Although Stevenson’s decision made it extremely difficult for Jack to win the nomination, he did have several things working in his favor. On Monday, August 13, the first night of the Chicago convention, he was the narrator of a film celebrating the Democratic party and its recent heroes such as Roosevelt and Truman. The New York Times compared his appearance to that of a “movie star” whose personality and good looks made him an instant celebrity. And before the convention even met, Kennedy supporters had set up a headquarters in the Palmer House hotel to promote Jack’s candidacy.
On Wednesday, ostensibly to give Jack greater visibility and prominence but largely as a way to blunt Jack’s drive for the second spot, Stevenson asked him to put his name in nomination for the presidency.

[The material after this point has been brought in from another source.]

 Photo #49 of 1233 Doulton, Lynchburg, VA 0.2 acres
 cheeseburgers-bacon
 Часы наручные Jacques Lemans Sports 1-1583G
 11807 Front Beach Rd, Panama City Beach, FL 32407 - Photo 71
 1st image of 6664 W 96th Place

Jack complied, and although Stevenson denied it, Kennedy accurately saw Stevenson’s request as a compensatory gesture for being denied the vice presidency. And indeed, Stevenson’s decision to leave the VP choice to the convention had placed significant obstacles in Kennedy’s way. Instead of having only to convince Stevenson and his advisers to put him on the ticket, Jack now had to bring a majority of the convention delegates to his side. In a competition with Tennessee senator Estes Kefauver, who had a large base of delegate support, Jack had little chance to win.